[Crawled caption data]

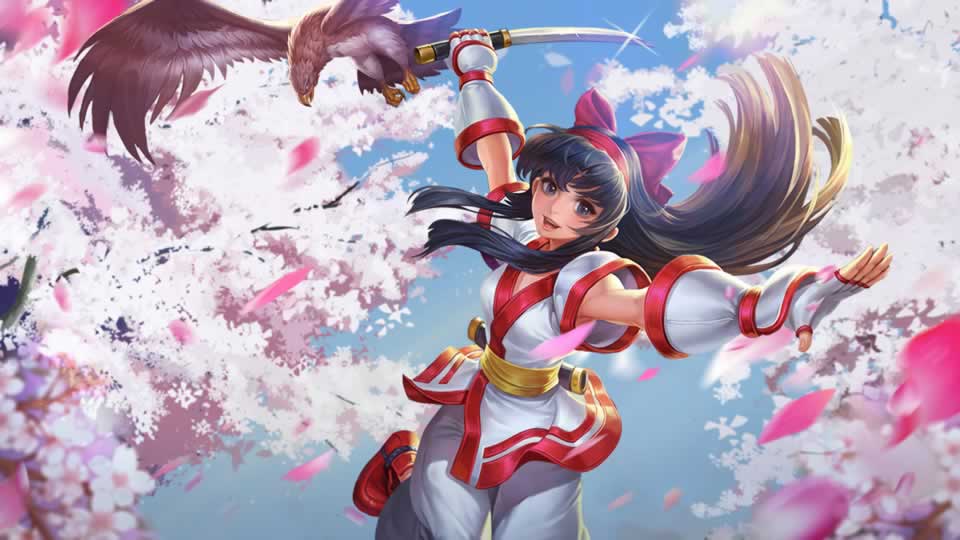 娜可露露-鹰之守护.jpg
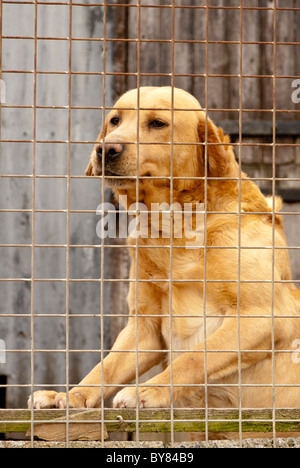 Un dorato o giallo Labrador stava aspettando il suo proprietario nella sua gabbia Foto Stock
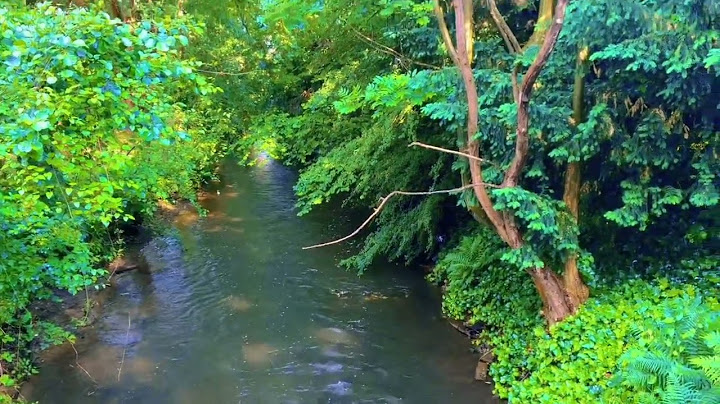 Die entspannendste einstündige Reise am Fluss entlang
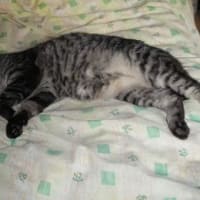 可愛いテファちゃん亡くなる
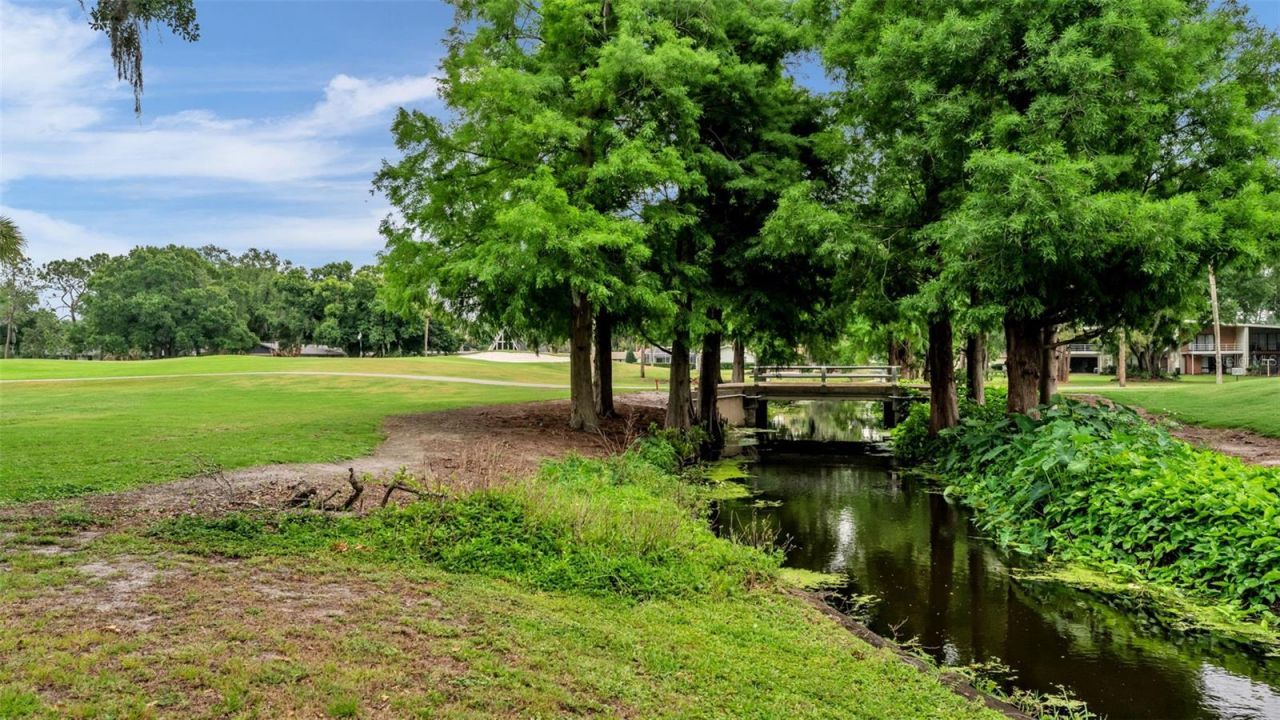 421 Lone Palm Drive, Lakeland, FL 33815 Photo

* * *

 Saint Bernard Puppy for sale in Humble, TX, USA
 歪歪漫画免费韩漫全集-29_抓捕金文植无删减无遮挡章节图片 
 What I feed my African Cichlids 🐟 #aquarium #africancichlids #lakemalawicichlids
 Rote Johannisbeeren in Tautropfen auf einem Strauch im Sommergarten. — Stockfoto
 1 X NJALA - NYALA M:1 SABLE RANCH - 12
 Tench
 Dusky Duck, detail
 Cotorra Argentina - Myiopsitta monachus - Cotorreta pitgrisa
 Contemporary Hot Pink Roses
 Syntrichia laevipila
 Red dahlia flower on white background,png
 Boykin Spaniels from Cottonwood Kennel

§ WHAT YOU ARE ASKED TO DO:
Above are the records; repeat exactly the lines from the one holding "1 X NJALA - NYALA M:1 SABLE RANCH - 12" down to the one holding "Boykin Spaniels from Cottonwood Kennel", end lines included.

§ COMPLETED EXERCISE:
 1 X NJALA - NYALA M:1 SABLE RANCH - 12
 Tench
 Dusky Duck, detail
 Cotorra Argentina - Myiopsitta monachus - Cotorreta pitgrisa
 Contemporary Hot Pink Roses
 Syntrichia laevipila
 Red dahlia flower on white background,png
 Boykin Spaniels from Cottonwood Kennel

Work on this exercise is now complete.